__TASK DESCRIPTION__
Which lines below fall between the one containing "kingsdale St. Boston photo 25" and the one containing "A picture of SONY TWS 4 0746417124"? Repeat them exactly, counting both of those lines, and add nothing else.

__DATA SUPPLIED__
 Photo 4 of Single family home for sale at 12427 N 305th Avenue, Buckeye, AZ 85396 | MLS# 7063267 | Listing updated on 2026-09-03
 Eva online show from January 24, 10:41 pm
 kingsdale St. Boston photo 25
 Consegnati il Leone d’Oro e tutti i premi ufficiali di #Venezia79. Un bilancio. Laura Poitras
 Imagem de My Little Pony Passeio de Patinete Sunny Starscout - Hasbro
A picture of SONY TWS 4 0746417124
---
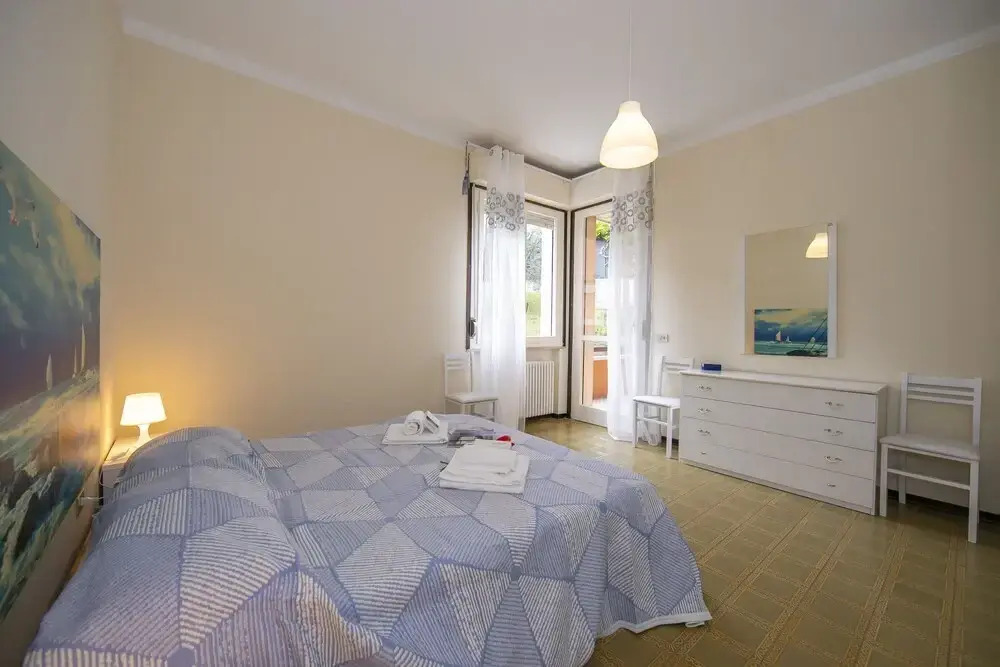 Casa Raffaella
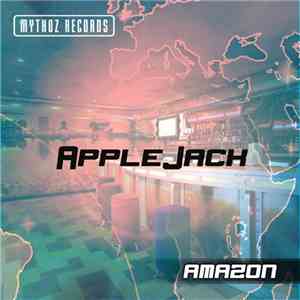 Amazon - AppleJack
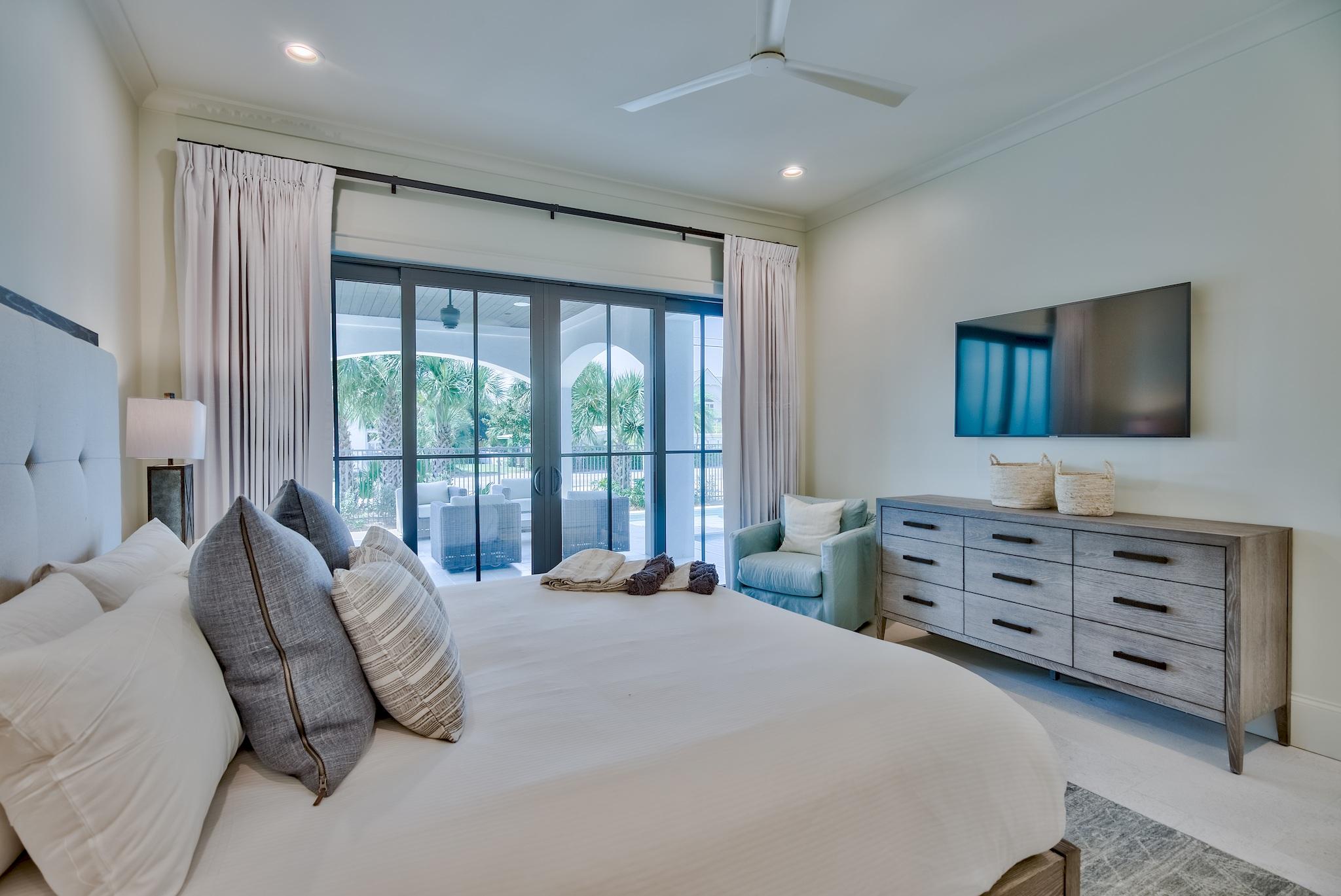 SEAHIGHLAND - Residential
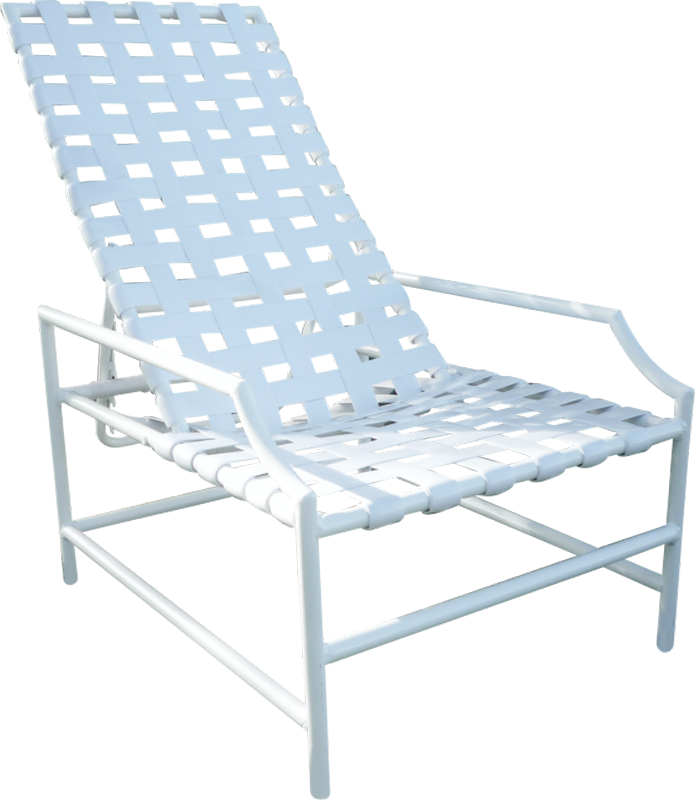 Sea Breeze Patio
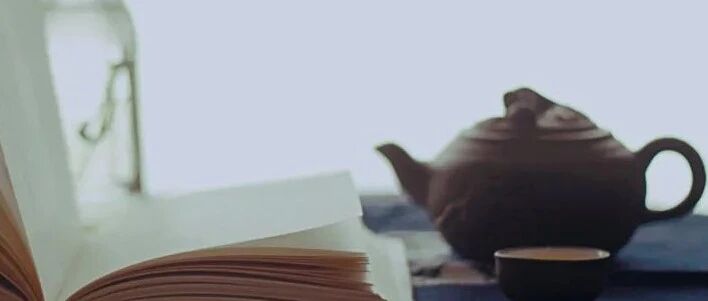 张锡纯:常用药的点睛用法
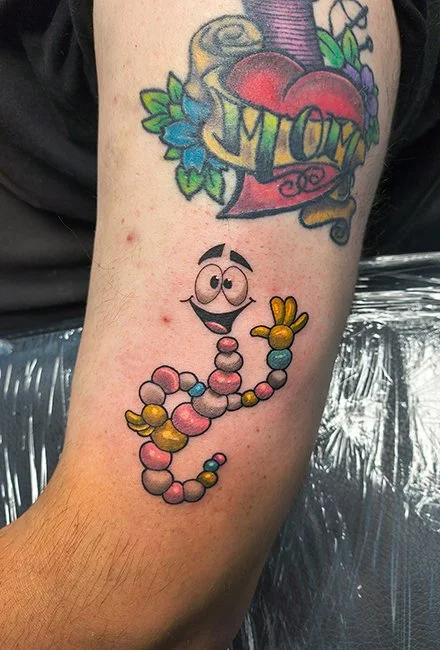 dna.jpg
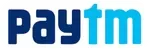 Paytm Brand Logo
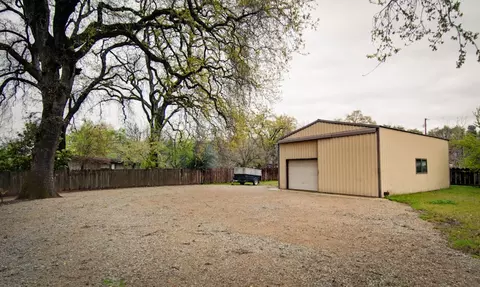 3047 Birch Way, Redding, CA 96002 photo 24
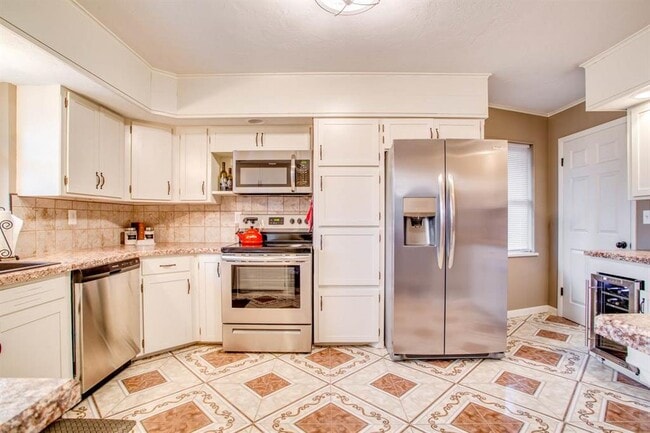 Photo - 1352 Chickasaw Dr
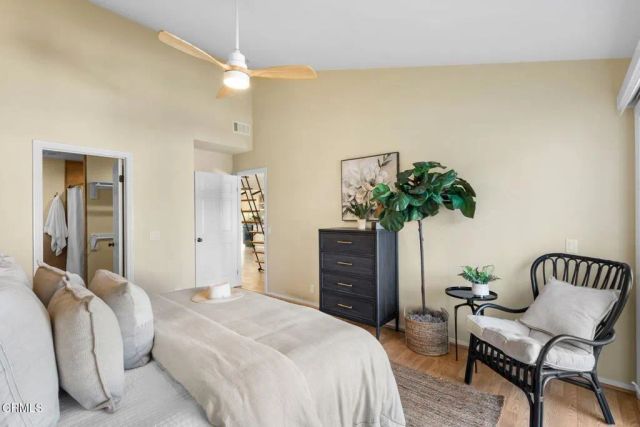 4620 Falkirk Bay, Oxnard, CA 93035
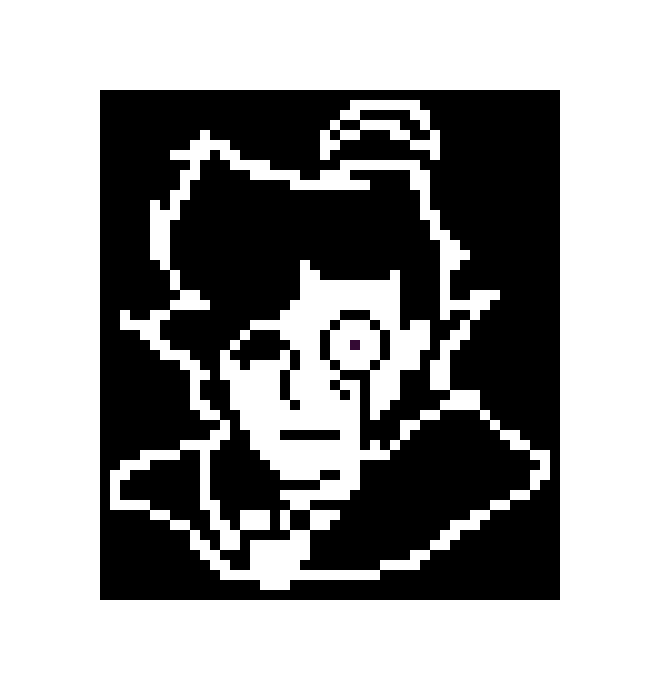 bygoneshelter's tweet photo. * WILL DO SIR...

__EXERCISE SOLUTION__
 kingsdale St. Boston photo 25
 Consegnati il Leone d’Oro e tutti i premi ufficiali di #Venezia79. Un bilancio. Laura Poitras
 Imagem de My Little Pony Passeio de Patinete Sunny Starscout - Hasbro
A picture of SONY TWS 4 0746417124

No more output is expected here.